SearchCIO.it - 19 Dicembre 2007

Dalla partizione dei server, alla gestione delle applicazioni, passando per l'infrastruttura. La sfida è fornire strumenti di gestione unificata.


di Giorgio Fusari

Dalle più o meno collaudate tecniche di partizione dell'hardware, alle moderne suite software per la gestione centralizzata del data center: in entrambi i casi la virtualizzazione ha l'obiettivo di presentare le risorse in modo tale che gli utenti o le applicazioni possano gestirle o utilizzarle nel modo migliore, cioè quello più vantaggioso ed efficiente a seconda dei casi, invece che nella sola modalità imposta dalle caratteristiche fisiche dell'hardware o dalla sua collocazione geografica.


Si tratta di un settore in forte crescita: Idc prevede in crescita il numero di server virtualizzati con un trend medio annuo del 55%, per arrivare a 1,1 milioni di unità vendute in Europa nel 2011, che rappresentano il 52% dei previsti 2 milioni e 197.000 server venduti in tale periodo. Un numero che equivale a 5,4 milioni di server logici. Sempre secondo queste previsioni, in Europa occidentale il fatturato proveniente dalle vendite di server virtualizzati crescerà dai 948 milioni di dollari del 2006 a 5,5 miliardi di dollari nel 2011.

Cos'è la virtualizzazione?
Il termine indica la capacità di creare una versione non fisica, cioè un'immagine, di un dispositivo o una risorsa.
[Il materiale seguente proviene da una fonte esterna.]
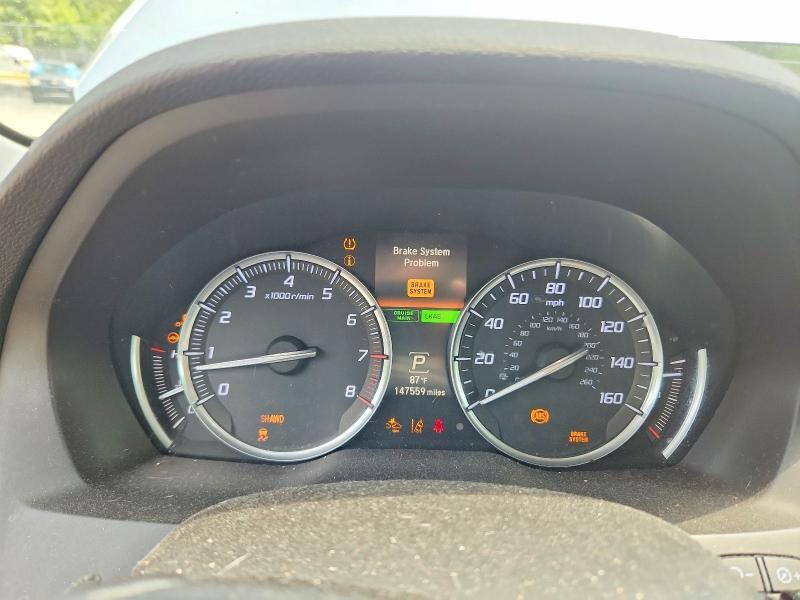 5FRYD4H47GB005566 2016 ACURA MDX photo no. 9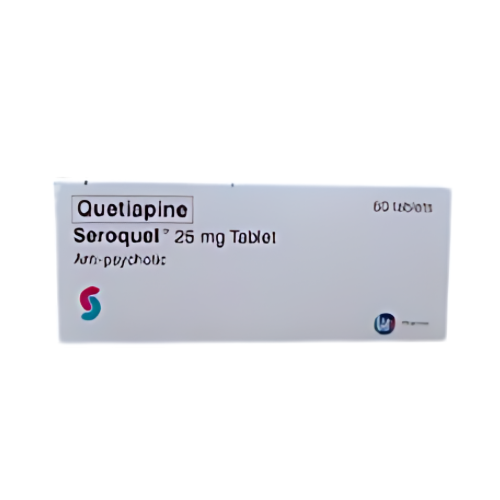 SEROQUEL Quetiapine (as Fumarate) 25 mg Tablet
Si può, quindi, virtualizzare un server, un'unità di memorizzazione, una rete o anche un sistema operativo.
In quest'ultimo caso le risorse possono essere suddivise in vari ambienti di esecuzione (Virtual execution environment - Vee) dei diversi processi. Un semplice esempio di virtualizzazione può essere anche il partizionamento di un'unità disco fisica (hard disk) in due unità logiche separate (logical disk).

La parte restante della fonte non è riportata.